Tesla unveiled its latest version of its Dojo supercomputer, which proved to be so powerful that it shut down the power grid in Palo Alto.
Dojo is Tesla’s own dedicated supercomputing platform, built from the ground up for AI machine learning and specifically for video training using video data coming from Tesla electric vehicles.
The automaker already has a large supercomputer based on Nvidia GPUs, which is one of the most powerful in the world, but the new custom Dojo computer uses chips and all the infrastructure designed by Tesla.
The new supercomputer will boost Tesla’s ability to train neural networks using video data, which is critical for computer vision technology to enable self-driving driving. A year ago, the company first announced the creation of Dojo. Now she spoke about the progress made over the year.

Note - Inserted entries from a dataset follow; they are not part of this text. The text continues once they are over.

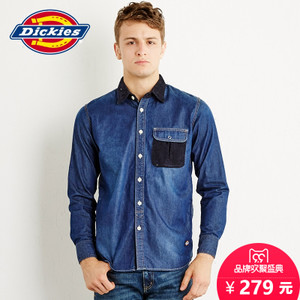 Dickies 163M20WD14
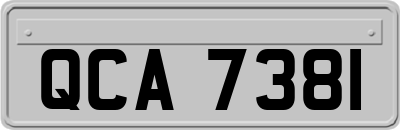 QCA7381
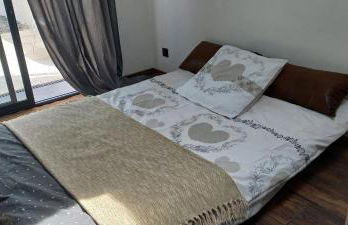 au p'tit logis montlouisien - Foto 4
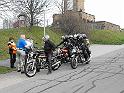 Saisoneroeffnungsfahrt 2009 - 033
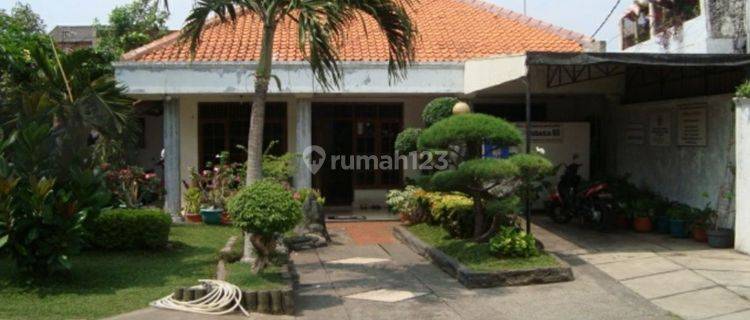 MURAH Rumah Asri di derah Kedoya Utara, Kebon Jeruk 1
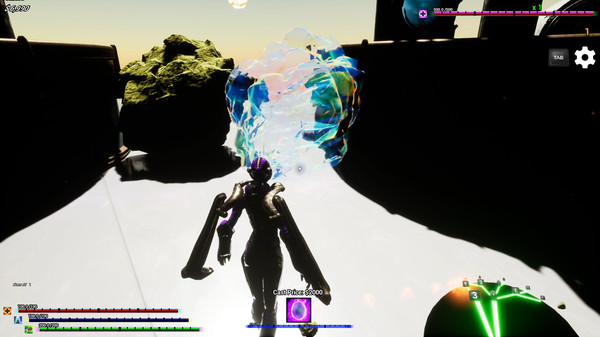 Pillars Of Protection game for Linux 1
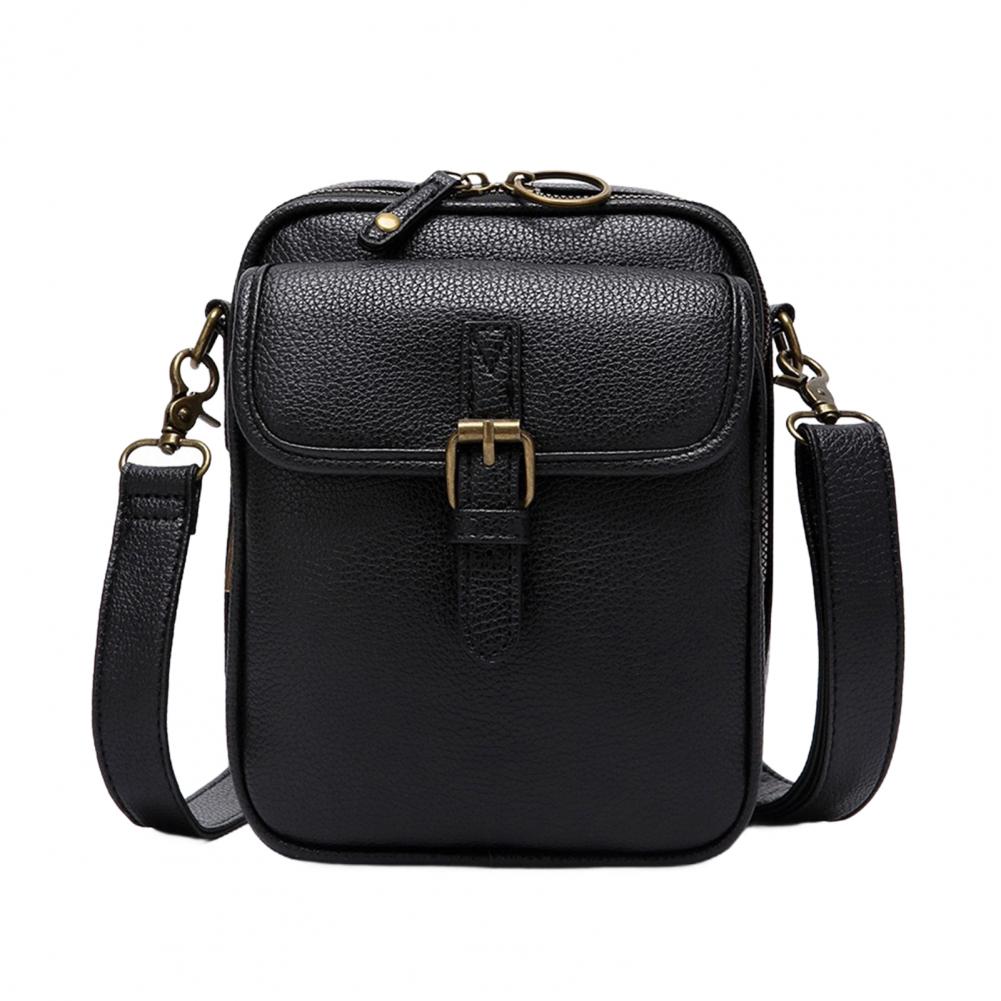 Mirta Bonini™ Elegancka torba na ramię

Tesla claims it can replace 6 GPU blocks with a single tile (Dojo tile), which the company claims costs less than one GPU block. On a tray (system tray) 6 such tiles. One tray is equivalent to “3-4 fully loaded supercomputer racks”. Tesla can fit two of these system trays in the same Dojo chassis. Tesla is still developing and testing the infrastructure needed to combine multiple cabinets to create the first Dojo Exapod, whose main specifications are already known: 1.1 EFLOP, 1.3TB SRAM, and 13TB high-bandwidth DRAM.
“We knew we needed to rethink every aspect of the data center infrastructure to deliver unprecedented cooling and power density,” said Bill Chang, Tesla’s chief system engineer for the Dojo project.
They had to develop their own powerful cooling and power system for Dojo cabinets. Chang confirmed that Tesla shut down its local power grid substation while testing Dojo: “Earlier this year, we started stress testing our power and cooling infrastructure and managed to increase capacity by more than 2 MW before we shut down our substation and received a call from cities”.
There are currently plans to build seven Dojo Exapods in Palo Alto.